Great job, looking forward to hearing your thoughts after the break in period.


----------



## chasingSQ (Sep 25, 2017)

Coppertone said:


> Great job, looking forward to hearing your thoughts after the break in period.


well i got them used from a respected forum member , so there broken in already, they sound amazing , incredible detail and lots of mid bass punch . however im going to listen to them for this week of commuting and make a decision . i almost think its a shame to run these in a 3 way system for just mid bass duties , because they pretty much play flat to 3-4k and do it very well . check out bikini punks review of them some time .


----------



## chasingSQ (Sep 25, 2017)

so made a decision to sell the arians , and go with a set of si tm65 mk2 's . they are right up my alley for this build , there super shallow and the reviews are awesome , the issue with the arians are the depth not that there super deep at 3.2 inches but to make them fit the surround is way to close to my door panel and oem grill they hit it at there full x-max 
and i like some mid bass punch so thats my 2 cents on them . amazing driver , but wont work in my door , i installed the audio frog 12 as well , amazing sub ! very happy with that purchase .


----------



## chasingSQ (Sep 25, 2017)

so as i am addicted to swapping our gear these days , i swapped the audison tweets for a set of tempo 10's , and i just picked up a set of dynaudio esotar 650 mid bass to replace the si bm mk2 . and lastly picked up a helix dsp pro mk2 , to control everything a little better than the da-3 can . i hope .


----------



## JimmyDee (Mar 8, 2014)

Hmmm... 
Tempo 10 / Esotar 650 combo, you say?


----------



## Lycancatt (Apr 11, 2010)

I love the 650 as a midrange, but in a 3 way, i'll wager you much prefer the si driver over it. no harm in testing though! but be aware the 650 wont have the impact the tm65 does.


----------



## chasingSQ (Sep 25, 2017)

jimmydee said:


> Hmmm...
> Tempo 10 / Esotar 650 combo, you say?


yep i saw it somewhere before ,,, i cant remember though .. lol


----------



## chasingSQ (Sep 25, 2017)

Lycancatt said:


> I love the 650 as a midrange, but in a 3 way, i'll wager you much prefer the si driver over it. no harm in testing though! but be aware the 650 wont have the impact the tm65 does.

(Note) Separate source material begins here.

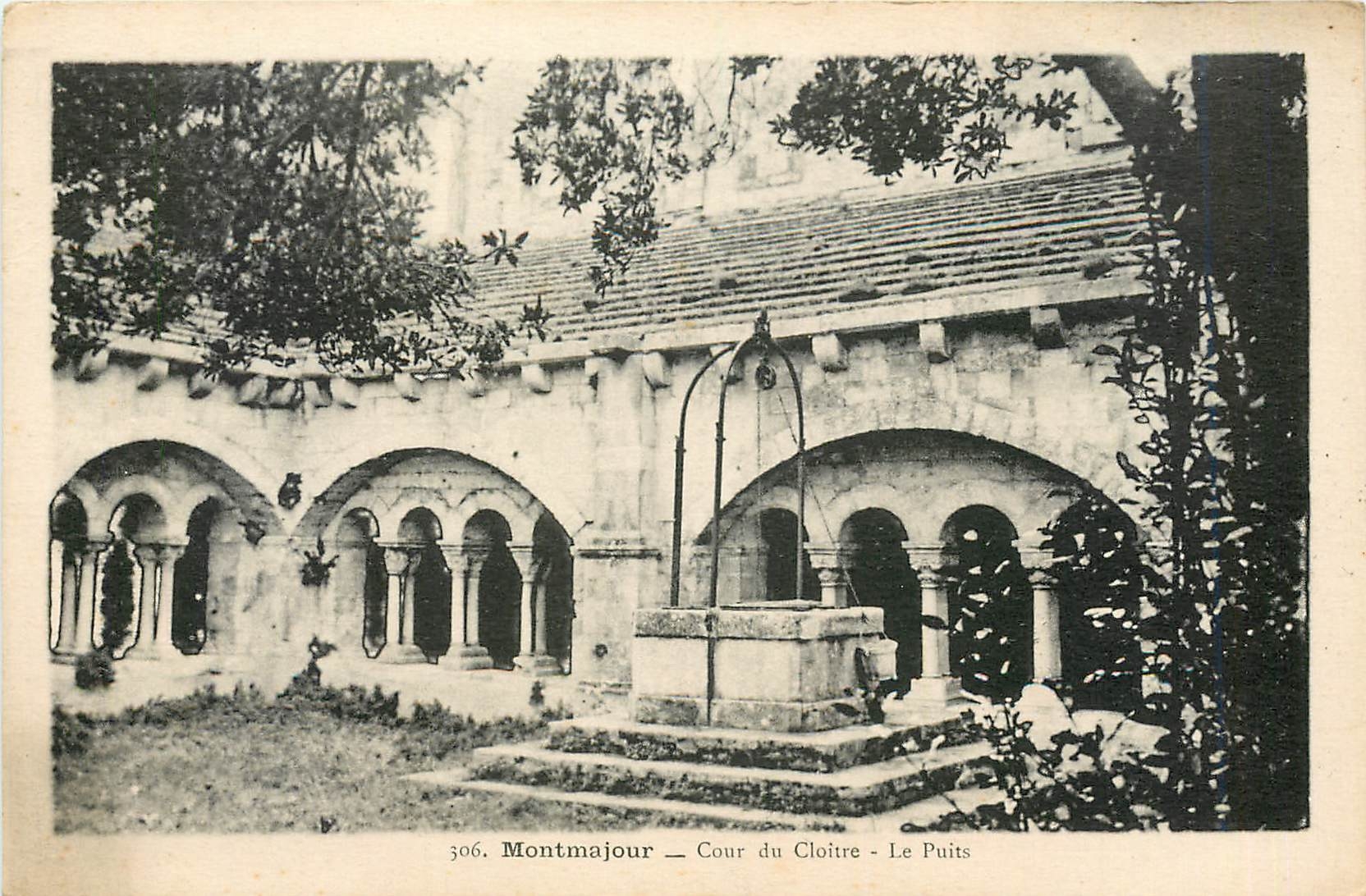 CPA Montmajour- cour du cloitre le puits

yeah i thought about that , but im crossing them, the si at 70 hz , and i also think the si's are very power hungry and just dont really sound that snappy or clean to me . we'll see what happens . im sure the dyns will play fine down to 70 hz without a sweat and if i decide to do a 2 way in the future they will be a much better choice .

but we will see .


----------



## chasingSQ (Sep 25, 2017)

a little snow day fun ,, decided to get my tempo 10's a little closer on axis . 








[/url][/IMG]








[/url][/IMG]

kicks are next , im adding a set of hat l4 . getting tired of taming the reflection issues with the dash mounted mids . 

then ill be adding 2 zapco c2k 4.0 x for font stage duties , 1 in 4 ch mode and 1 bridged to the esotars .


----------



## chasingSQ (Sep 25, 2017)

got these done today .. 








[/url][/IMG]








[/url][/IMG]








[/url][/IMG]








[/url][/IMG]


----------



## Audi_SQ4 (Aug 29, 2012)

Nice !!!

I like it !!!

Sent from my Pixel XL using Tapatalk


----------



## SkizeR (Apr 19, 2011)

Noiiice

Sent from my SM-G950U1 using Tapatalk


----------



## bertholomey (Dec 27, 2007)

I love the car - the S4 is on my list - if I get one....I'll be asking about the upgrades, etc.  

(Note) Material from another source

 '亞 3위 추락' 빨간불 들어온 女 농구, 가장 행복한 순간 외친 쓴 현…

I also really like the looks of the Tempo tweets, and of course I loved the sound in a couple cars I've heard in the past. I'll be interested to see where you land with the mid bass. I've used the Arians and the TM65's, and several friends love the Dyn's. 

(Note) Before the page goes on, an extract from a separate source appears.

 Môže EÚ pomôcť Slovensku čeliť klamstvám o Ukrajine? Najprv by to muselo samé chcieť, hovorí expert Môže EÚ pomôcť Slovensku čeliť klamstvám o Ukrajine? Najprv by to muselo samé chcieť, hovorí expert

Hoping to see/hear this car at the NCSQ meet


----------



## chasingSQ (Sep 25, 2017)

bertholomey said:


> I love the car - the S4 is on my list - if I get one....I'll be asking about the upgrades, etc.
> 
> I also really like the looks of the Tempo tweets, and of course I loved the sound in a couple cars I've heard in the past. I'll be interested to see where you land with the mid bass. I've used the Arians and the TM65's, and several friends love the Dyn's.
> 
> Hoping to see/hear this car at the NCSQ meet



thanks ! i love the tempos and really love the dyns . arians were my top fave til the esotars , the tm65 eh there ok . i was having so much trouble with the dash mids i wanted a midbass that could pull off 2 way duty if need be . i have the hetrz mids dialed in pretty good now but . its not just where i want it . hence the kick panel build , going to try a set of hat l4se in the kicks . ive had good luck in the past so well see what happens . 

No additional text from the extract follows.